I convert the files into .yxdb format as my first step. I understand these files contain every parcel in each state (100,000s), but they each take 24-36 hours to load making the process unwieldy. I update these files every quarter and the process to update 15 or so states takes weeks. The waiting is ruining my timeline for getting work done. Since I am using Batch Macros, I can never tell if the machine is hung up, moving abnormally slow, or simply crunching away as expected.
Questions:
Is there a better way to import/convert GDB to be used by Alteryx? Reading the old discussions, it seems like the integration of the GDB format may have been a workaround to satisfy those asking for the functionality.
Should I be running the loading procedure in parallel and not in series with the Batch Macro? Is the bottleneck not related to machine resources? Is there a better way to see work progress than looking at the macro completion % (stays at 50%)?
My machine has a Xeon Processor with 10 real/20 virtual cores, 128 GB of RAM, and uses SSD drives.
Thanks for the help!
Can't tell without seeing your workflow. Do you incorporate the downloading (or downstream uploading) in your workflow? My major places to look would be:
1) network issues (ie downloading/uploading)
2) data cleanse. Don't do it.
That seems longer than I'd expect. And just an FYI - I tend to use Batch Macros here. I believe on large data they may slow down the processing but they do provide partial success and better tracking/testing.
Thanks for the reply.
The files are all local on my SSD. There is a Data Cleanse step in there, I'll take it out.
I just started the macro and will see if taking Data Clease out helps. I did notice that it always showed 96% until completion many hours later. What a strange bug in what should be a straightforward function. I may try smaller batches running in parallel to see if the system can handle more than one macro running at the same time.
Data cleanse is a memory hog. Also - get rid of browses dispalying huge amounts of map points. I'm running some queries with/without browses and with/without datacleanse (with a single spatial field) to document.

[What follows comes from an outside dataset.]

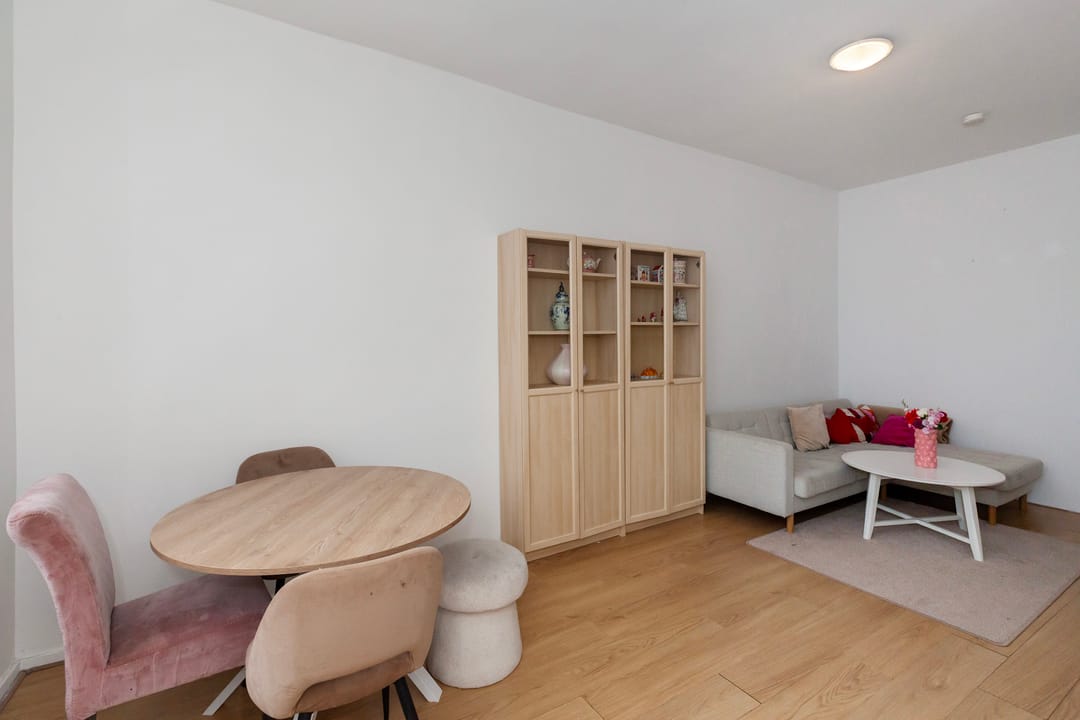 Foto 11 van Ter Heijdestraat 21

1,000,000 rows (one spatial point/3 text fields).
- no data cleanse - no browse (.5 seconds)
- with data cleanse - no browse (2.8 seconds)
- with data cleanse - with browse (hit stop at the 4 minutes mark 345,000 records in)
- with browse - no data cleanse - no spatial object (.4 seconds)
-with browse - with data cleanse - no spatial object (.6 seconds)
this is a base workflow. Extra browses are creating extra in-memory map objects. drop them.